**Task to complete**. The copy should hold exactly the lines below from the one that contains "Grey Sherpa lined Vest - Picture 2 of 4" through the one that contains "New 2026 Black Nissan 2.5 SV image 9" and nothing else, so no pictures.
[[ The data, beginning ]]
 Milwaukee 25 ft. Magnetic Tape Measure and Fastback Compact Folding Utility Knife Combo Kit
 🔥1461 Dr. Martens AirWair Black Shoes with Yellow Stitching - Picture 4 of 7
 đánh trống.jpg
[[ The data, end ]]
[[ The data, beginning ]]
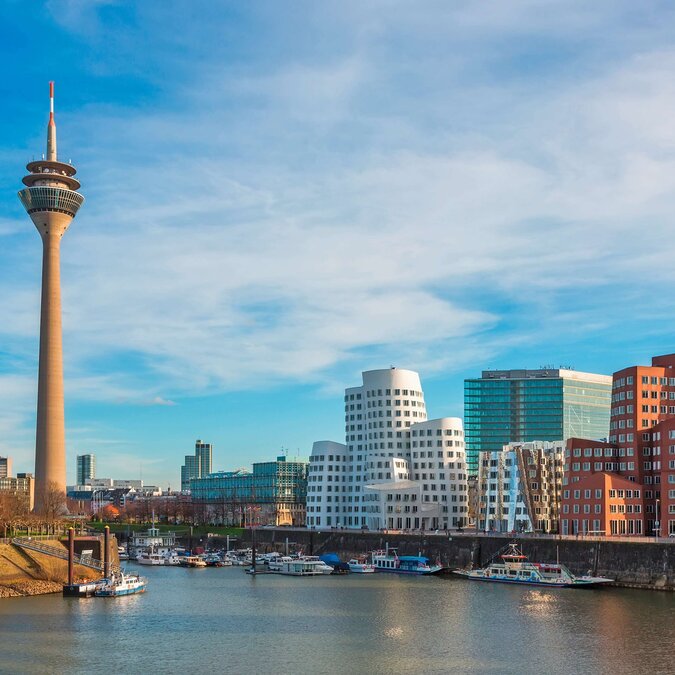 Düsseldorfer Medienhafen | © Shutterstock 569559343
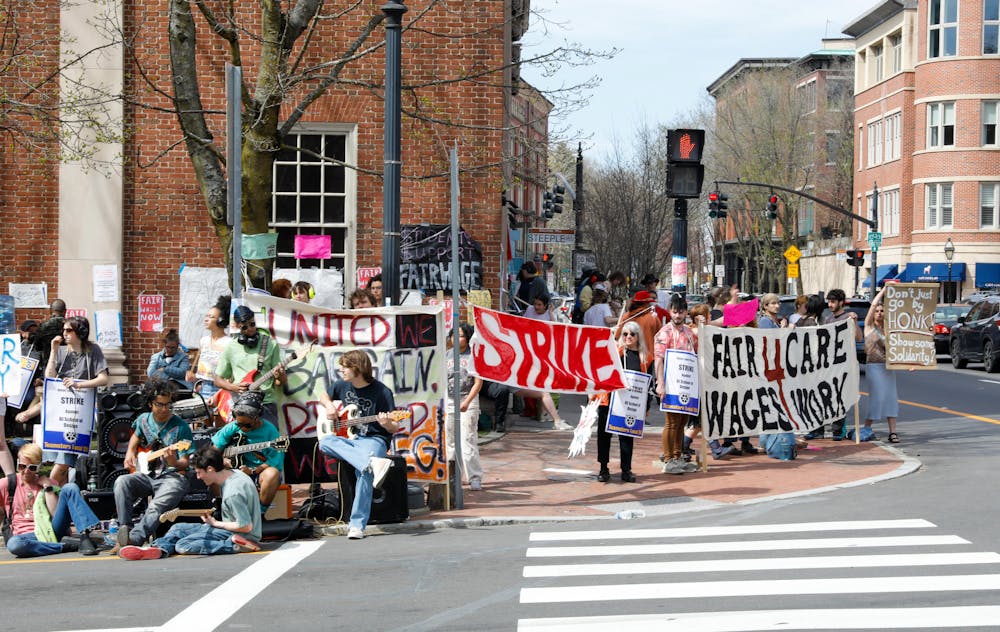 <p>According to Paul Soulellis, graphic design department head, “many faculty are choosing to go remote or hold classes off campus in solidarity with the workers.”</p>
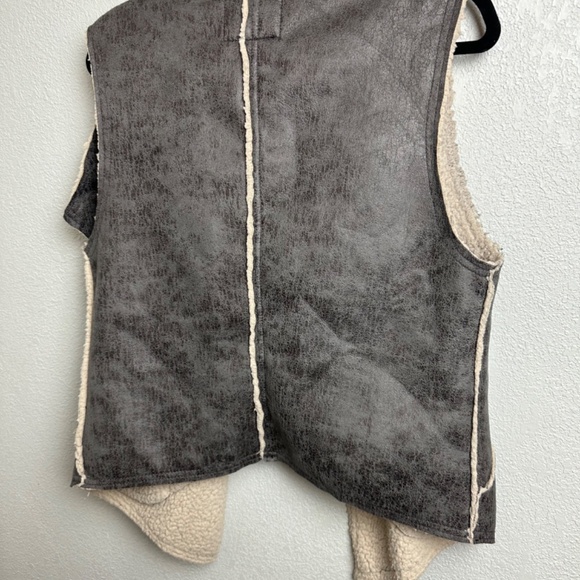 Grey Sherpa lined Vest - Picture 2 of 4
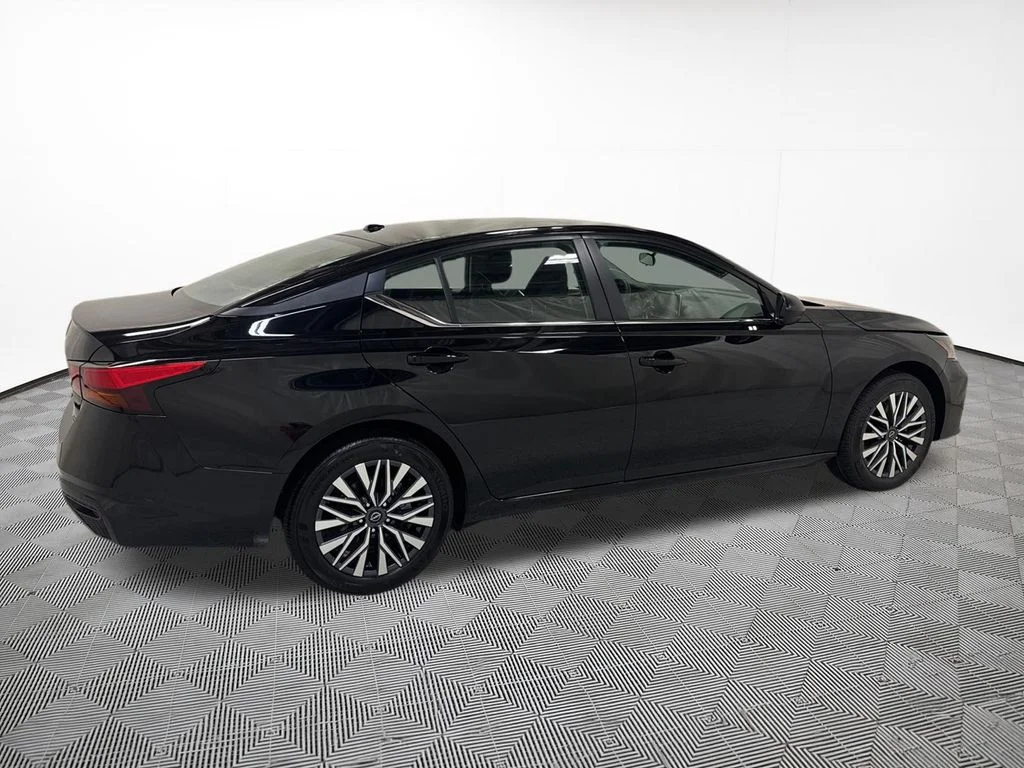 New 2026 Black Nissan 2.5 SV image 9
[[ The data, end ]]
**Final answer**.
 Grey Sherpa lined Vest - Picture 2 of 4
 New 2026 Black Nissan 2.5 SV image 9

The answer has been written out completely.